According to the Fresno Bee, these fines added up to $125,197. Most of the city's fines were issued to residential water users, who pay $25 for their first citation. (City officials provided the Bee with slightly lower numbers than reported by the state, saying they only issued 4,975 fines.)
Nearby, Fresno city issued a total of 1,761 fines in June, making it the second most active community for penalties in California. Fresno collected $79,245 from its fines, the Bee reported.
Together, these two cities accounted for more than 70% of California's June water use fines. The community of Olivehurst came in a comparatively close third, with 1,184, while Santa Cruz issued the fourth most, at 649.
Numerous other communities around the state also issued fines for using too much water. However, the data shows other communities handed out anywhere from one to a few dozen fines — not hundreds or thousands.
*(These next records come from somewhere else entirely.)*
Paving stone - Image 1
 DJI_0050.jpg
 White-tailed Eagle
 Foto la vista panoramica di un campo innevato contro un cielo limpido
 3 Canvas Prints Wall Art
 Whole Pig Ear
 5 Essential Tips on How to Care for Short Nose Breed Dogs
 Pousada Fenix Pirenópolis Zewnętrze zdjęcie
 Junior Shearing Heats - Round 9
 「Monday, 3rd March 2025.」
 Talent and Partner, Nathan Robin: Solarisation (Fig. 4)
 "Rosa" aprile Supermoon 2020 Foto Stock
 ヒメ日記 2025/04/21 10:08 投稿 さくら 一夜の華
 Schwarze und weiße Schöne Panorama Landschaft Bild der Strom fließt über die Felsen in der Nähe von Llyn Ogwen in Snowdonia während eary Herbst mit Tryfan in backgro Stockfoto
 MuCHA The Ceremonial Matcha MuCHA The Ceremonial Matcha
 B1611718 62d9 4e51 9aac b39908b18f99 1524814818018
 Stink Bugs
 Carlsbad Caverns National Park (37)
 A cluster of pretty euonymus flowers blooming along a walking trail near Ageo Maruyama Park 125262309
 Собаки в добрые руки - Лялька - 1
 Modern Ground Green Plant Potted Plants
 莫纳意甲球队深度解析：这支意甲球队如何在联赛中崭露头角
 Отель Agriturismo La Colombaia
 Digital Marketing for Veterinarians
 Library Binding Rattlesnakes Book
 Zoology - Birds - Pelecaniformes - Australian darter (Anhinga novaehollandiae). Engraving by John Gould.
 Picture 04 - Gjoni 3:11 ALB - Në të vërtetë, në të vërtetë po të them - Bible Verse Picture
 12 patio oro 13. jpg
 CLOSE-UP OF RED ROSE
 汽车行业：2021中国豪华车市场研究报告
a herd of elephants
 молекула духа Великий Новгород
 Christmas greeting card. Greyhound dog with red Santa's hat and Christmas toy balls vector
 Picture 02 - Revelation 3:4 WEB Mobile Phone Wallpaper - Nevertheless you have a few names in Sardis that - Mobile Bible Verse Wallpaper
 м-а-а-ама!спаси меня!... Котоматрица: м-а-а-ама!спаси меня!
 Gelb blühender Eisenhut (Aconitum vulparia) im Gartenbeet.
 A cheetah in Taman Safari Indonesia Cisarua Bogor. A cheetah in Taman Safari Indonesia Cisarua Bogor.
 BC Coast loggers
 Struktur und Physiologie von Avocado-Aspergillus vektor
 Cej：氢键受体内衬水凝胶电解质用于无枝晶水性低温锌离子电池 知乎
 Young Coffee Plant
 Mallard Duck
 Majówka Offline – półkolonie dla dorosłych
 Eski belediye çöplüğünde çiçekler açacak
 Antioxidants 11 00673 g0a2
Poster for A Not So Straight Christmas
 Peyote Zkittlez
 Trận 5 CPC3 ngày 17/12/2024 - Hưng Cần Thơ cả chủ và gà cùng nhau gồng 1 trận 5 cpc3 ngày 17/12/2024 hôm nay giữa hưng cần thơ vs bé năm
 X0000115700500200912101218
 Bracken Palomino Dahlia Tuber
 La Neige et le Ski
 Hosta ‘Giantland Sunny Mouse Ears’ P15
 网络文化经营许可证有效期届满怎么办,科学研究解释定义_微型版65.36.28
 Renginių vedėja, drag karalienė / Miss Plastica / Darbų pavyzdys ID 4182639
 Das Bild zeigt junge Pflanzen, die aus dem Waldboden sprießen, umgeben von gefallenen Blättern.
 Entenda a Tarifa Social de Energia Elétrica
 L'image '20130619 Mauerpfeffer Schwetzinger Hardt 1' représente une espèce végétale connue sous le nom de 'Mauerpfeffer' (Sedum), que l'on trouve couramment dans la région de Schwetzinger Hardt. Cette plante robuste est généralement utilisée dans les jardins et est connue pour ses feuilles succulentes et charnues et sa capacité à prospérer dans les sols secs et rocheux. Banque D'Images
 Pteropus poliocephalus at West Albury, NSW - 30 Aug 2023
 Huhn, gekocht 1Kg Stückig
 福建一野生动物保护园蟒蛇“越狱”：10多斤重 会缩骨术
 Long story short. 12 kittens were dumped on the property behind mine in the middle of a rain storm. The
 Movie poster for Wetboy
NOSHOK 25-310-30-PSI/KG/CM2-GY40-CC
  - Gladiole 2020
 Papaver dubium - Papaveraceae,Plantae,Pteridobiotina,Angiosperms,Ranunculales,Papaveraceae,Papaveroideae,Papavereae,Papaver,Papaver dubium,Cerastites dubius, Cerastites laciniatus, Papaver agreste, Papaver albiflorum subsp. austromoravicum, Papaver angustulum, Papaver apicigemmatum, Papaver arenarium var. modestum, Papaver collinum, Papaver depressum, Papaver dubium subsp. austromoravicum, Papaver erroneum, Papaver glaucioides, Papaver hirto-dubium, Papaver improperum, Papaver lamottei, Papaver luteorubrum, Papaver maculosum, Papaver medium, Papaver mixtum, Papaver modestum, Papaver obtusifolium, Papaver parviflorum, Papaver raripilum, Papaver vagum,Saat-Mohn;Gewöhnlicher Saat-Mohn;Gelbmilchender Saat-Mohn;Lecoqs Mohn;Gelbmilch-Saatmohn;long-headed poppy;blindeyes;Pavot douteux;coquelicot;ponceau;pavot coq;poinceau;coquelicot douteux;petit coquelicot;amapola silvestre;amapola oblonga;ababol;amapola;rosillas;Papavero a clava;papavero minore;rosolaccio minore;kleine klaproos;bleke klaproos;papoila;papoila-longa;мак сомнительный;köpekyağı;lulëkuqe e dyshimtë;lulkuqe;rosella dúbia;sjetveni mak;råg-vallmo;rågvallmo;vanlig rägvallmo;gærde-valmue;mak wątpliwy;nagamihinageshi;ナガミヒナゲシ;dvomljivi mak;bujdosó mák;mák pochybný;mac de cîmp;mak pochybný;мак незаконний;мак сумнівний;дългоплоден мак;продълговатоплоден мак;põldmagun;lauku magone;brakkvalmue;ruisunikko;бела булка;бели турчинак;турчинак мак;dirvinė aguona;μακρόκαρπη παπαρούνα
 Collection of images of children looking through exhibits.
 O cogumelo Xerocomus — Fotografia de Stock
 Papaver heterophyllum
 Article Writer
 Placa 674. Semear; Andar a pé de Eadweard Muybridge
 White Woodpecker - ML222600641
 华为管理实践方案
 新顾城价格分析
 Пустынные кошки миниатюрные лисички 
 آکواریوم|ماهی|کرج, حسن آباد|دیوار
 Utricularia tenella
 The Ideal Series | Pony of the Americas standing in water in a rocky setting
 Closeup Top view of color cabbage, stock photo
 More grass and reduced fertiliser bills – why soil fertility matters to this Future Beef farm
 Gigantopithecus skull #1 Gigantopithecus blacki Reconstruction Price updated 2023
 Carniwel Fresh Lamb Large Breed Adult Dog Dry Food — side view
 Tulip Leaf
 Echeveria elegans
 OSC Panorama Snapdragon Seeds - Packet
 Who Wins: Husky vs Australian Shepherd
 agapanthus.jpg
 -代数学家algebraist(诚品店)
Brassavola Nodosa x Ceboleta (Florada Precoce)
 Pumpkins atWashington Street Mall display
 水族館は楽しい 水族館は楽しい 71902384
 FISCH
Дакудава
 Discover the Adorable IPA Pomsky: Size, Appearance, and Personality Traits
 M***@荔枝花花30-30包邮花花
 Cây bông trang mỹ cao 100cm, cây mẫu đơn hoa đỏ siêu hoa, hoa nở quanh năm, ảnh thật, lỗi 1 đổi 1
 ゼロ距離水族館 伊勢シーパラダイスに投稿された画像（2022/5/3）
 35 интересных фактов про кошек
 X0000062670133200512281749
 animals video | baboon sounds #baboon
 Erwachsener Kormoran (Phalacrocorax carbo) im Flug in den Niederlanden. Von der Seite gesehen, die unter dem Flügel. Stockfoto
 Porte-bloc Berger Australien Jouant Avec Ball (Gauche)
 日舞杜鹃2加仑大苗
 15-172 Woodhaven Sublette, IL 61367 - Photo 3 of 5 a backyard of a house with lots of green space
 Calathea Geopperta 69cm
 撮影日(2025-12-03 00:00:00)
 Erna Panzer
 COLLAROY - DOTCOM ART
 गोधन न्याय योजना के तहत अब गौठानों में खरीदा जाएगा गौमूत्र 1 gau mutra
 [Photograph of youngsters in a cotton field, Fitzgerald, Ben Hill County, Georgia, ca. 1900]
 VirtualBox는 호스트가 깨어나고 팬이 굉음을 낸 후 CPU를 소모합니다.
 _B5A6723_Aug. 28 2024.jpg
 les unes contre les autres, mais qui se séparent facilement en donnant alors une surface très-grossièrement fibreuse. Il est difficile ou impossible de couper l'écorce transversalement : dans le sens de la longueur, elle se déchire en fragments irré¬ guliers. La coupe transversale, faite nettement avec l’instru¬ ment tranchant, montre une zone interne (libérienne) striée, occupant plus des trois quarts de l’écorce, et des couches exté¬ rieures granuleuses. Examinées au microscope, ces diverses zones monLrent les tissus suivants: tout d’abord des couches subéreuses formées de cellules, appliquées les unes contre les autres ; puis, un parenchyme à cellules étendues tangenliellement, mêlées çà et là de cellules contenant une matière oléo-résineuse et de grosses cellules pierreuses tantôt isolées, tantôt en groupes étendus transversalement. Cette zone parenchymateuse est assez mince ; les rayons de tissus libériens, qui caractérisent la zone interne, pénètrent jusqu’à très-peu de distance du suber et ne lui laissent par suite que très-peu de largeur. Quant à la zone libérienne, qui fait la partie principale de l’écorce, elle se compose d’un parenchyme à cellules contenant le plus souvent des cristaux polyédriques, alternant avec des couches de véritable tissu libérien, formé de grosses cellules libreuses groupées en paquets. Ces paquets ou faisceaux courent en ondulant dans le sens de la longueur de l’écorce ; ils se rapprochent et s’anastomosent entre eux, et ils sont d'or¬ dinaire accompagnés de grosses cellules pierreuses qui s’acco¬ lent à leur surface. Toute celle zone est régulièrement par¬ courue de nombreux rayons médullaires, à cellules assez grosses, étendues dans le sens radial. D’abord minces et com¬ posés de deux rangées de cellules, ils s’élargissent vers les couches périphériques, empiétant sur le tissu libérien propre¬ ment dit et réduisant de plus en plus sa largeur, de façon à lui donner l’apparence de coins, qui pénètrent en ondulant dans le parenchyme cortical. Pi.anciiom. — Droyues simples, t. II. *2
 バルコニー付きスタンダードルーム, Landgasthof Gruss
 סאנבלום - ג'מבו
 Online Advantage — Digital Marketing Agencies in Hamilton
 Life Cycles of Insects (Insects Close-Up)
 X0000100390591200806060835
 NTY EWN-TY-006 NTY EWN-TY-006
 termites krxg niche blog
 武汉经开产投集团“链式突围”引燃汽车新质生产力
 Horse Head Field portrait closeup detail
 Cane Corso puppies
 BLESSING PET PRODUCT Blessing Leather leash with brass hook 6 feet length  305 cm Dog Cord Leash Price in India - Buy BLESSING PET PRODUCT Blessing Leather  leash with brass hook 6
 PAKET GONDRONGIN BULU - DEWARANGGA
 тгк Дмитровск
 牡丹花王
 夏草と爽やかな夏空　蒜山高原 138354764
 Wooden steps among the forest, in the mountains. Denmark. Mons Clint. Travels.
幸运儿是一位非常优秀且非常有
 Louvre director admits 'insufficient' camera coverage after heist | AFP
Full data for some communities also wasn't immediately available; Montecito, for example, issued 671 fines in April, but numbers for May and June were not included in the state data.
Clovis and Fresno both had historically high per capita water use and were ordered to make big cuts earlier this year, but they also weren't the most extreme offenders.
After Brown ordered mandatory cutbacks, Clovis was ordered to reduce water consumption by 36%. At the time, the state listed the city's per person per day water use at 235.2 gallons, based on 2014 data.
Clovis nearly made its state-mandated goal, trimming water use by 33% in June, as compared to 2013.
Per capita water use in Fresno was listed at 146.4 gallons per day when the mandatory cuts were announced, and the city was ordered to reduce water use by 28%. It exceeded that target in June, cutting water use by 30%.
In other words, both cities significantly reduced the amount of water they use while collectively handing out thousands of fines.
But an entirely different story played out in other communities. In the Bella Vista Water District, which serves a community in Northern California, the state listed per capita water use at 386.3 gallons per day. The district was ordered to reduce use by 36% — the same as in Clovis.
In June, the Bella Vista Water District didn't hand out a single fine, but still managed to reduce water use by a whopping 52%.
On the other hand, Fallbrook, in San Diego County, was using 217.3 gallons of water per person per day and also was ordered to make a 36% reduction. Like Bella Vista, Fallbrook didn't hand out any fines in June, but it also didn't cut back much; state numbers show it only reduced use by 9% in June, making it among the worst-performing communities in the state.
And then of course there's Santa Cruz, which started out with very low per capita water consumption, issued hundreds of fines, and managed to cut back by 32% in June — far exceeding its target of only 8%.
Other communities — all of which issued fewer fines than Clovis and Fresno — run the gamut, from successfully reducing water use to making very few improvments at all.
It's difficult to draw a clear conclusion from these results – Do fines work? Are they the best solution? — and California is a state with incredibly diverse climates and built environments. What is clear, however, is that as the drought drags on California cities continue to function effectively as labs experimenting with solutions.
Jim Dalrymple is a reporter for BuzzFeed News and is based in Los Angeles.